Exercise aim =
Retype each entry below exactly. Do not carry any image over.
(Data shown Opens)
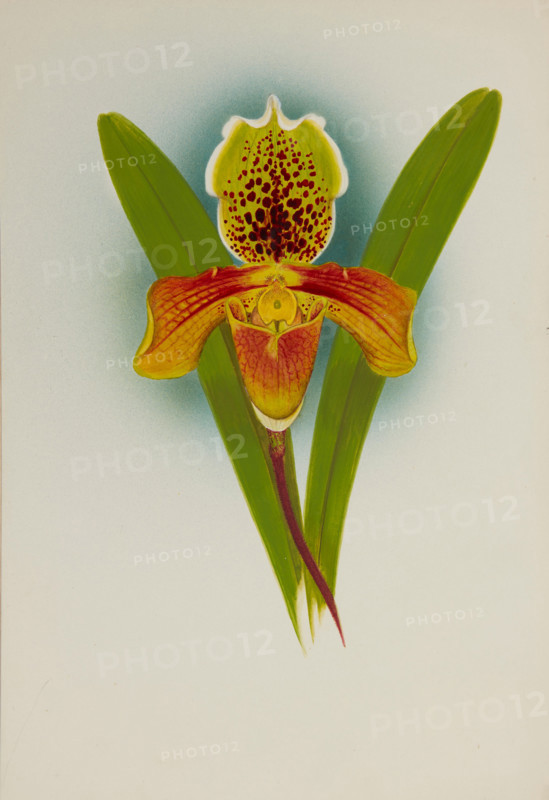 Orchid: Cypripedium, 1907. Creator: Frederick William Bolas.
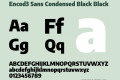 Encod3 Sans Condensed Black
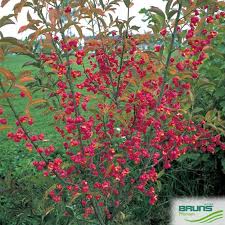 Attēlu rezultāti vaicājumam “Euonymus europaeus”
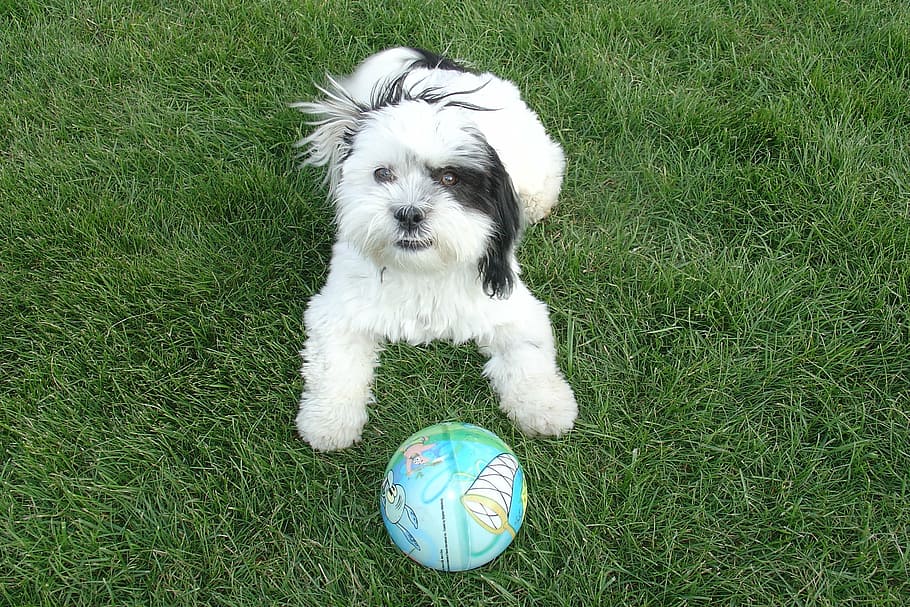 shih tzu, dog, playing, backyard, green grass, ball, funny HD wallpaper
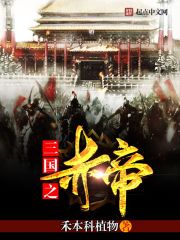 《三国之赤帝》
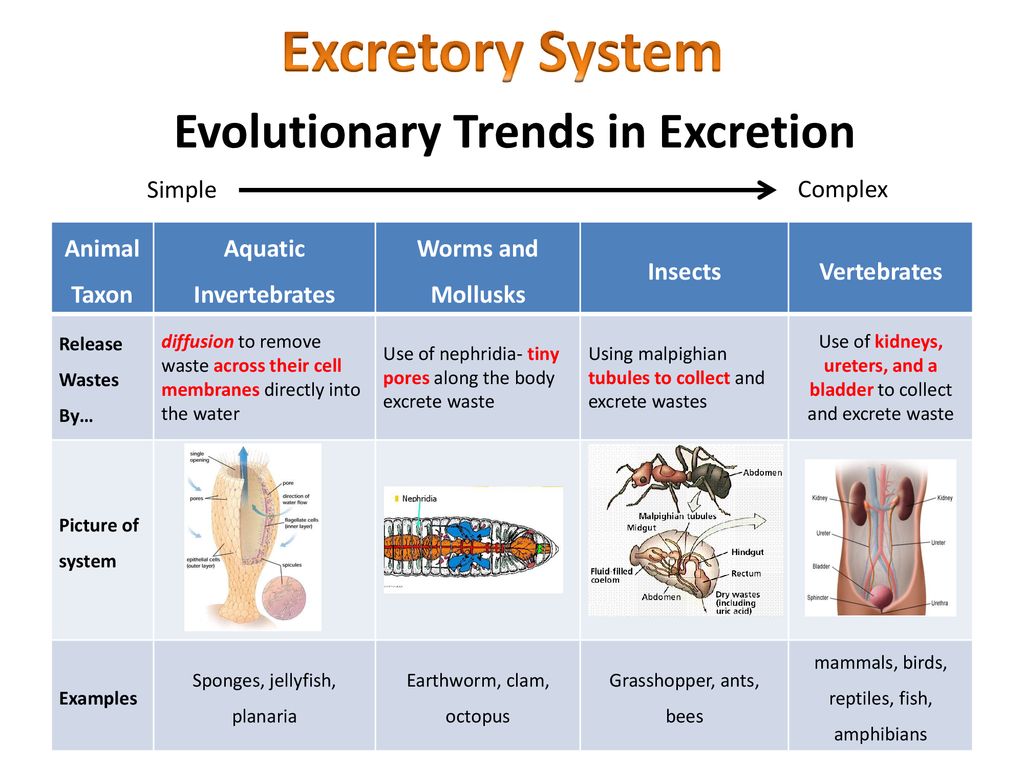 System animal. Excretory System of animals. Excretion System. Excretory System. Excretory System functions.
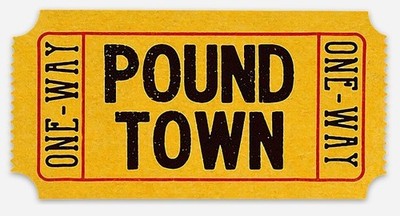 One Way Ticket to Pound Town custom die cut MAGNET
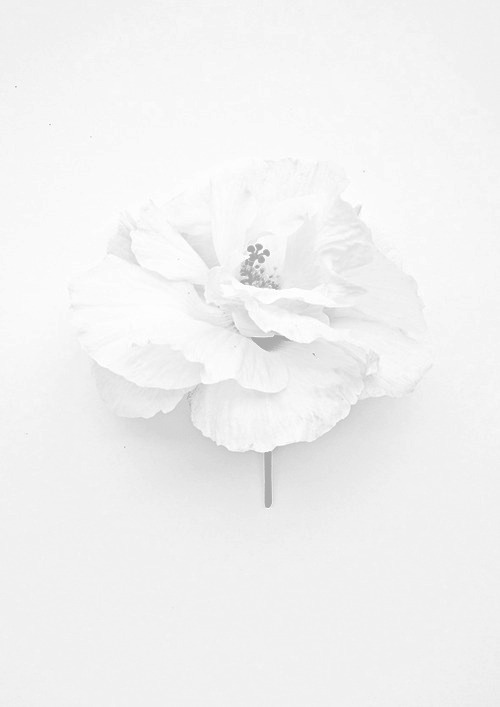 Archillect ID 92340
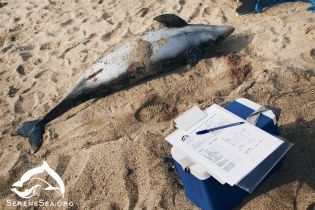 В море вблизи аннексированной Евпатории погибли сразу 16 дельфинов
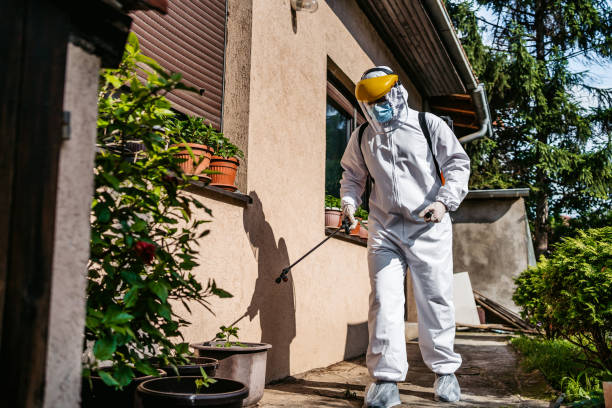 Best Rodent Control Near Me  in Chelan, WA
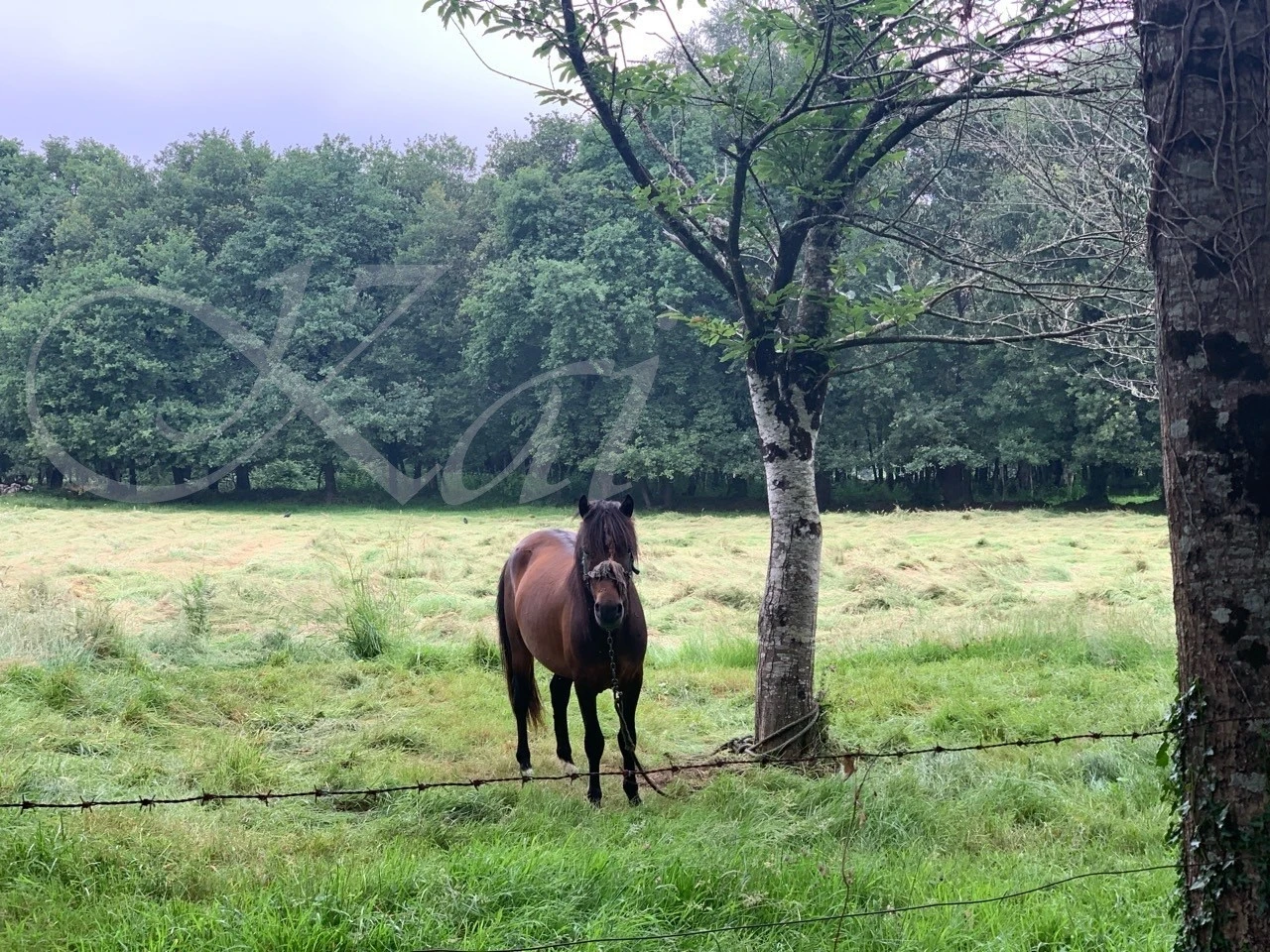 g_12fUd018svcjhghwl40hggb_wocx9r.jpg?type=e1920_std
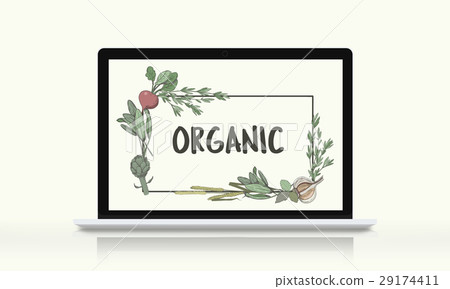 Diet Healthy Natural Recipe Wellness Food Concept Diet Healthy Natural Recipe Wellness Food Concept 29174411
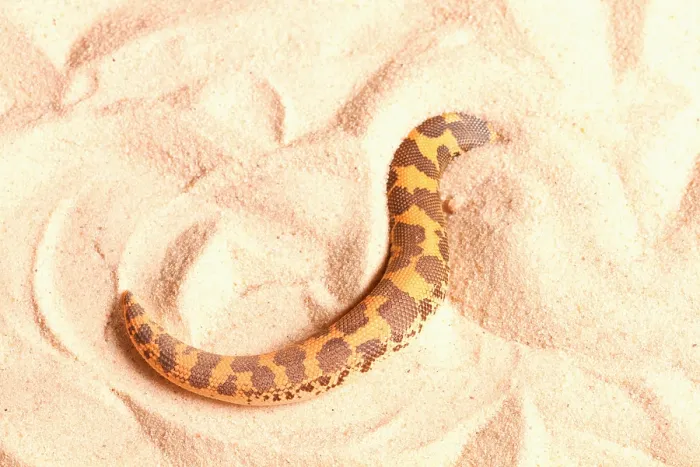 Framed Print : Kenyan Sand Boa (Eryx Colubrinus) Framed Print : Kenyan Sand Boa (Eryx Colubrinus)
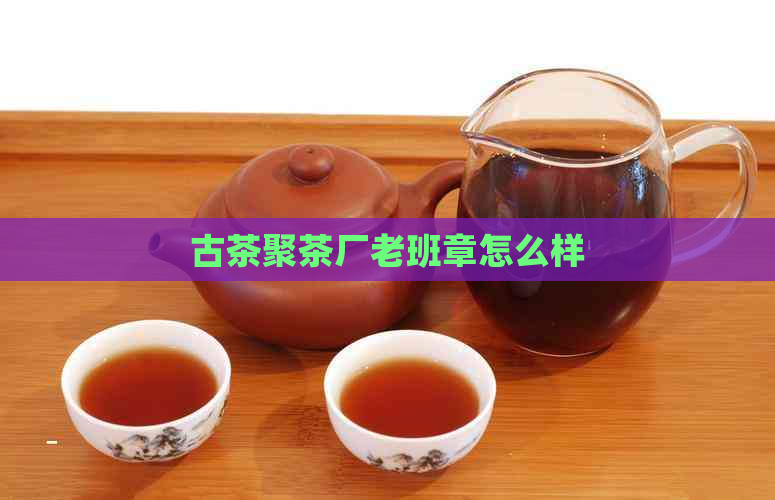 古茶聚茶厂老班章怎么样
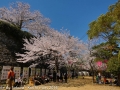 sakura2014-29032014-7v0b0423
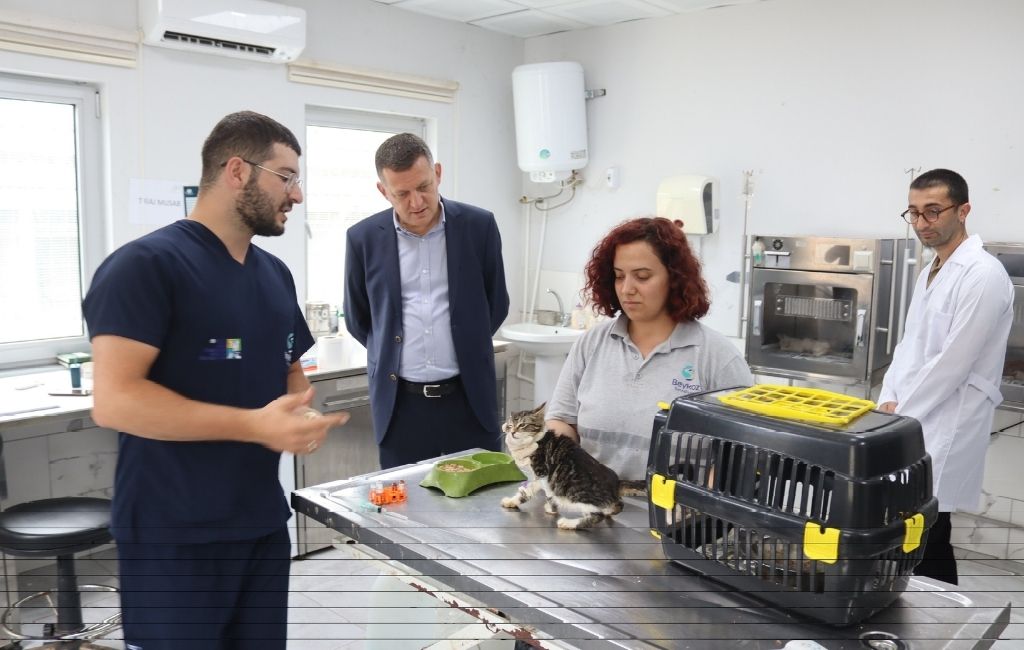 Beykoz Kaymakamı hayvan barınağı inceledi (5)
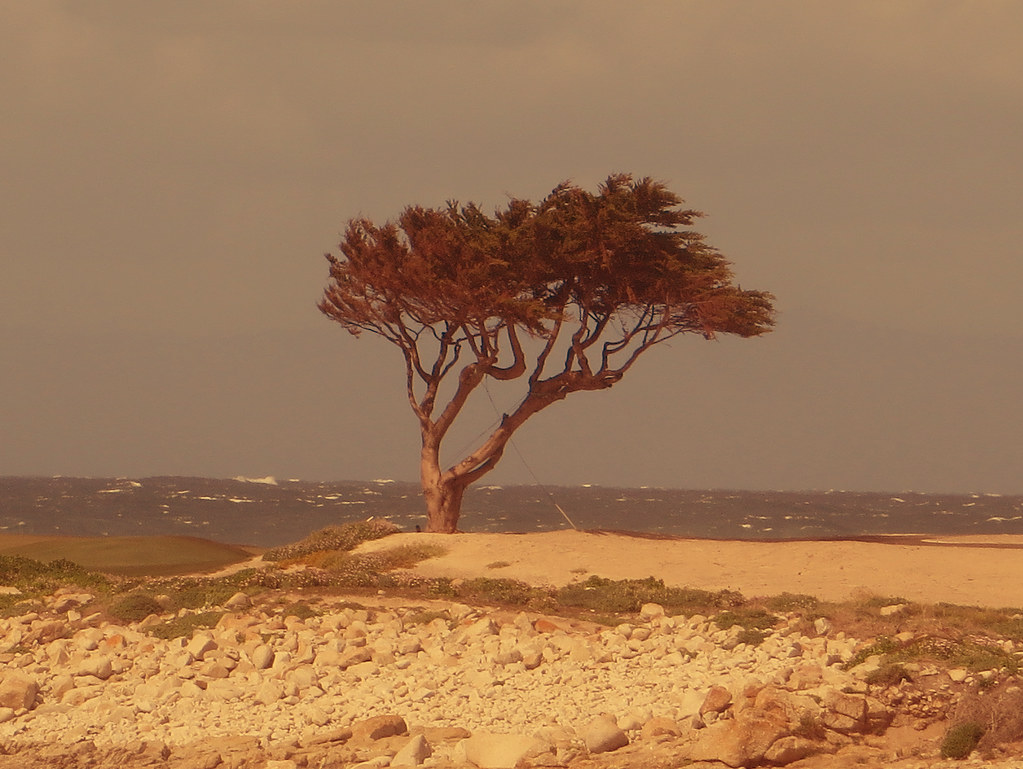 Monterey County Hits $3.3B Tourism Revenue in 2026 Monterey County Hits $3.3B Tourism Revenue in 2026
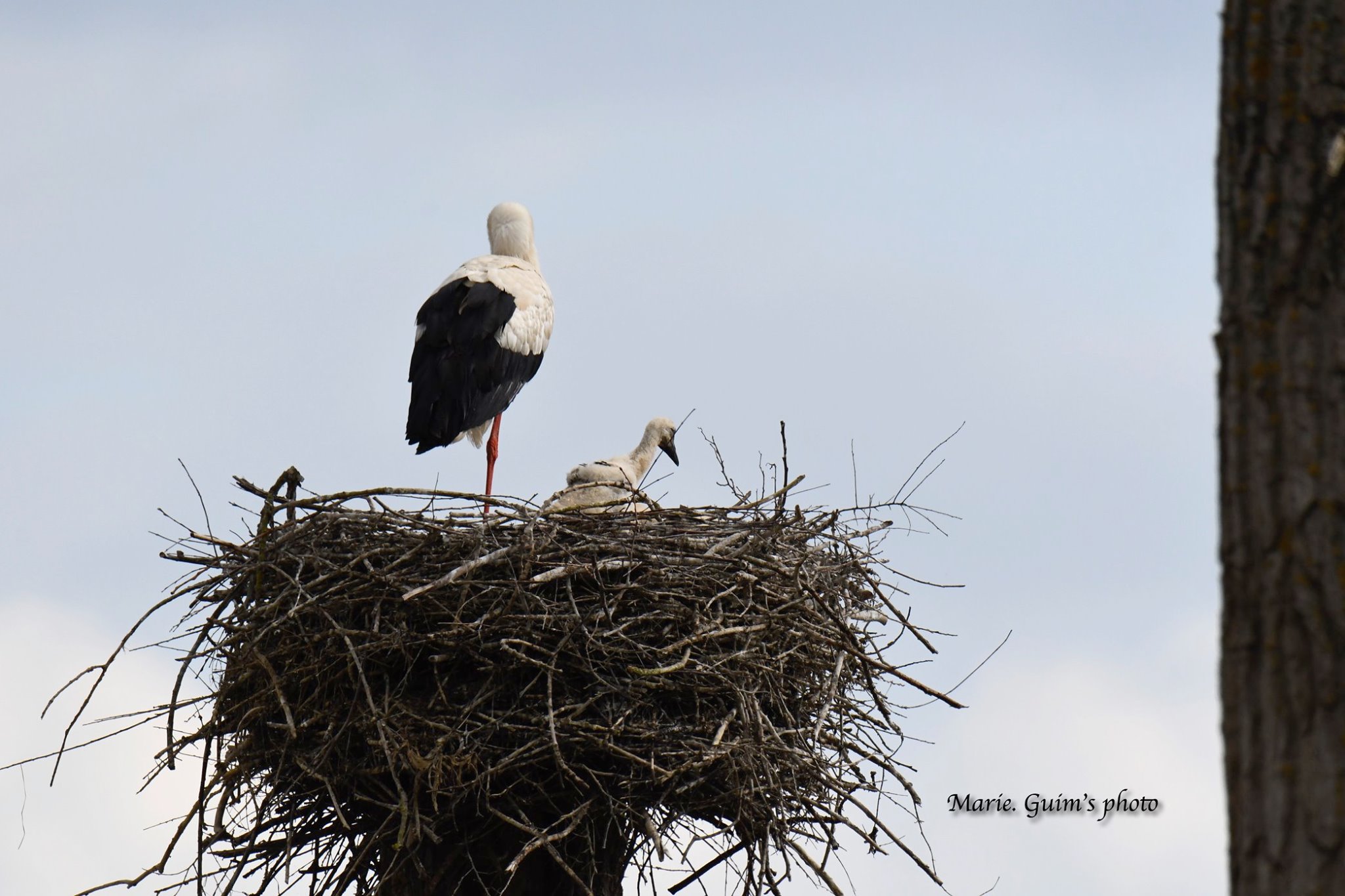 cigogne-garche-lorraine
(Data shown Closes)
Result below =
 Orchid: Cypripedium, 1907. Creator: Frederick William Bolas.
 Encod3 Sans Condensed Black
 Attēlu rezultāti vaicājumam “Euonymus europaeus”
 shih tzu, dog, playing, backyard, green grass, ball, funny HD wallpaper
 《三国之赤帝》
 System animal. Excretory System of animals. Excretion System. Excretory System. Excretory System functions.
 One Way Ticket to Pound Town custom die cut MAGNET
 Archillect ID 92340
 В море вблизи аннексированной Евпатории погибли сразу 16 дельфинов
 Best Rodent Control Near Me  in Chelan, WA
 g_12fUd018svcjhghwl40hggb_wocx9r.jpg?type=e1920_std
 Diet Healthy Natural Recipe Wellness Food Concept Diet Healthy Natural Recipe Wellness Food Concept 29174411
 Framed Print : Kenyan Sand Boa (Eryx Colubrinus) Framed Print : Kenyan Sand Boa (Eryx Colubrinus)
 古茶聚茶厂老班章怎么样
 sakura2014-29032014-7v0b0423
 Beykoz Kaymakamı hayvan barınağı inceledi (5)
 Monterey County Hits $3.3B Tourism Revenue in 2026 Monterey County Hits $3.3B Tourism Revenue in 2026
 cigogne-garche-lorraine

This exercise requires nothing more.